## DATA FOR THIS EXERCISE

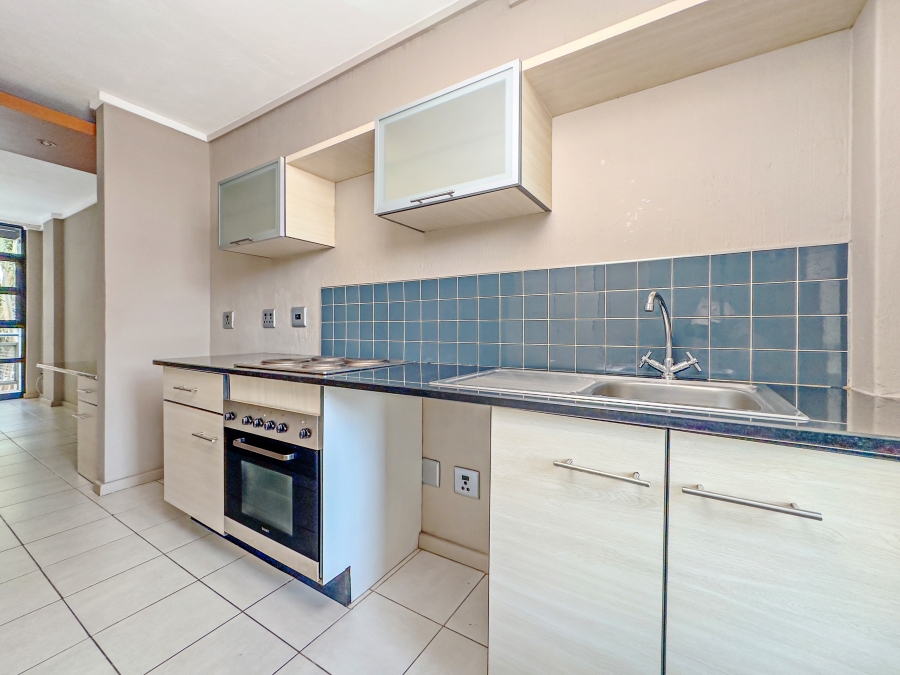 0 Bedroom Property for Sale in Lynnwood Gauteng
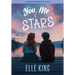 You, Me & Stars- Dyslexic Frendly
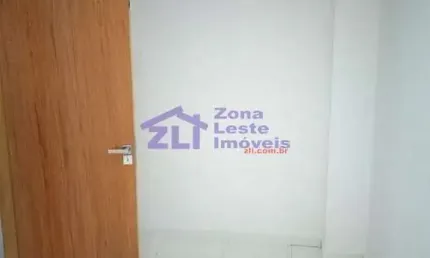 Apartamento com 2 dormitórios à venda, 55 m² no - tatuapé - são paulo/sp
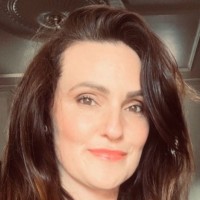 Danielle Deane Email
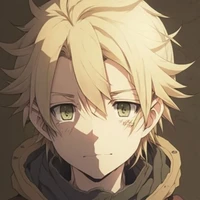 Lukas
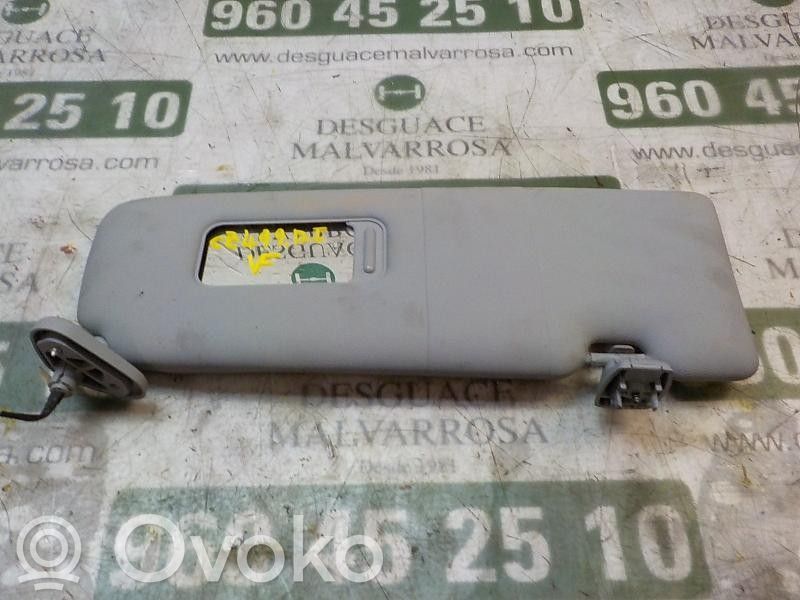 Sonnenblende   51167252505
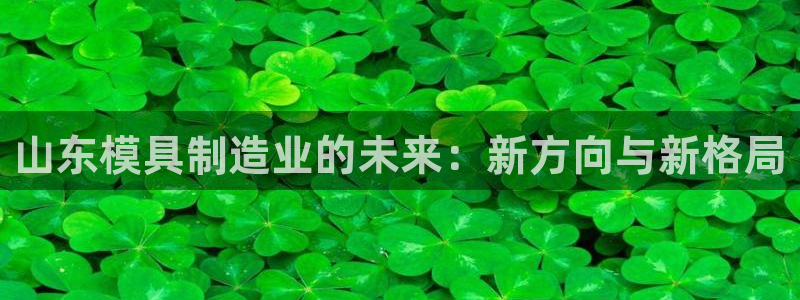欧星娱乐国际平台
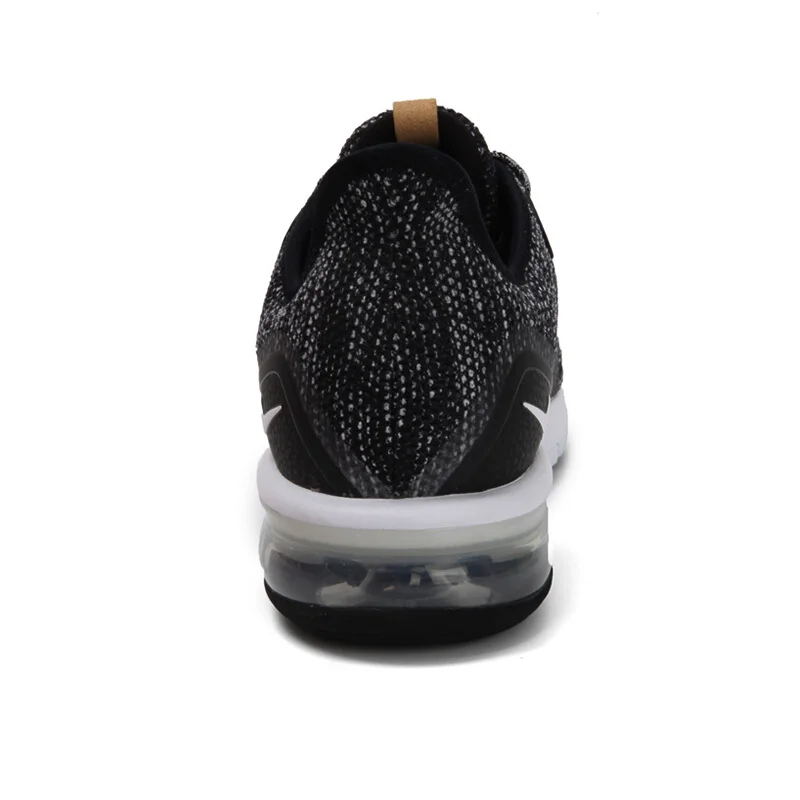 Новое поступление NIKE Air Max 3 Для мужчин, прямые поставки от производителя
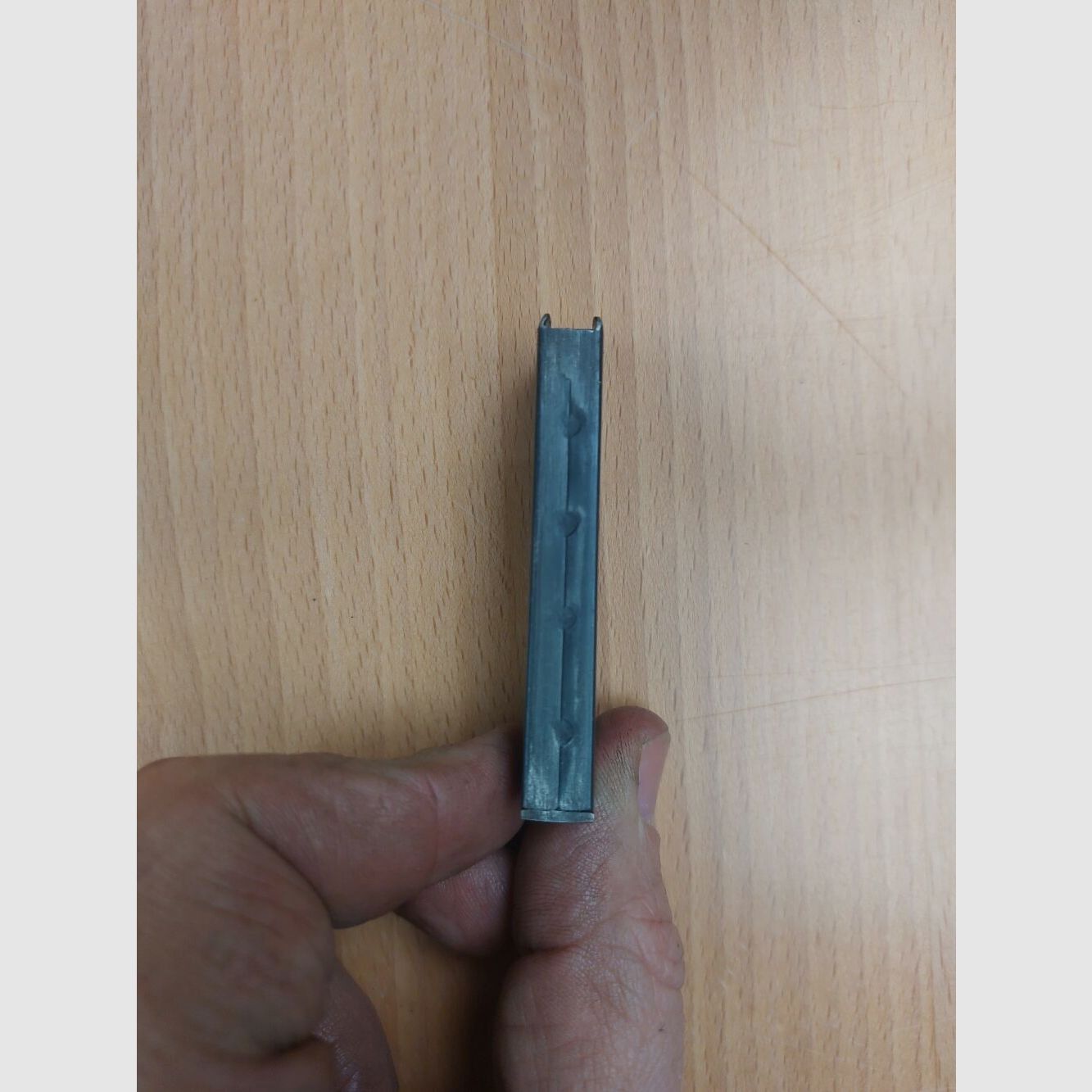 FN / Browning, Herstal M 1903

## BRIEF
Beginning at the line that contains "Apartamento com 2", copy each remaining line of the records exactly, through the final one. Omit the pictures.

## PROBLEM SOLUTION
 Apartamento com 2 dormitórios à venda, 55 m² no - tatuapé - são paulo/sp
 Danielle Deane Email
 Lukas
 Sonnenblende   51167252505
欧星娱乐国际平台
 Новое поступление NIKE Air Max 3 Для мужчин, прямые поставки от производителя
 FN / Browning, Herstal M 1903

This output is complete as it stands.